* **DATA SHOWN**:
────────────────

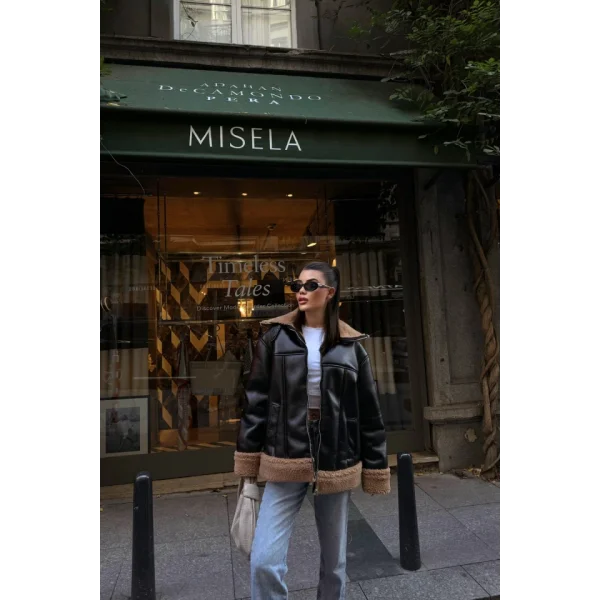 YAKA VE KO ANŞET KÜRK DETAYI DERİ ONT  iyahTaba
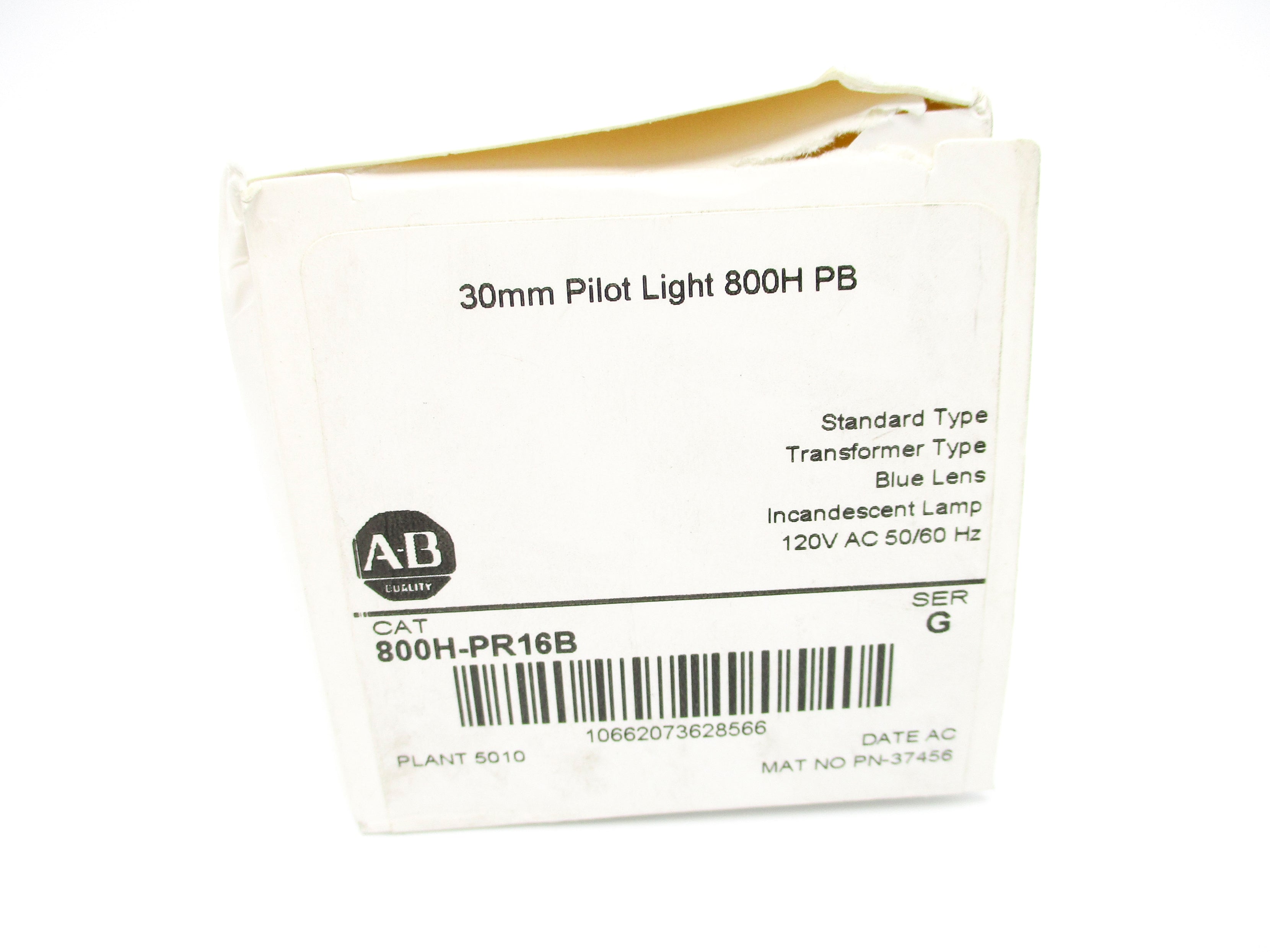 INDUSTRIAL SPARE PART 800H-PR16B SER. G (WH) NSMP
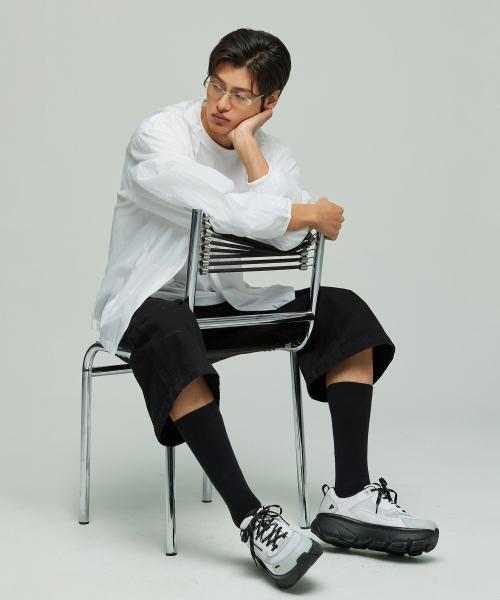 [AKIII CLASSIC] Bumper Trainer Whitestone Black [AKALAUW08463]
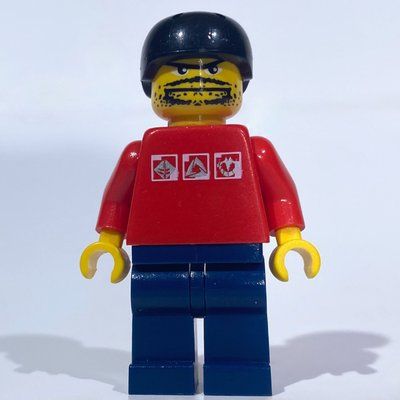 Minifigur Skateboarder, Red, Black Helmet aus Set 3535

────────────────

* **YOUR TASK**:
Transcribe, please, the lines from the one holding "[AKIII CLASSIC] Bumper" to the final line of the material, both included, exactly and with no extra lines, and skip the pictures.

* **TASK SOLUTION**:
 [AKIII CLASSIC] Bumper Trainer Whitestone Black [AKALAUW08463]
 Minifigur Skateboarder, Red, Black Helmet aus Set 3535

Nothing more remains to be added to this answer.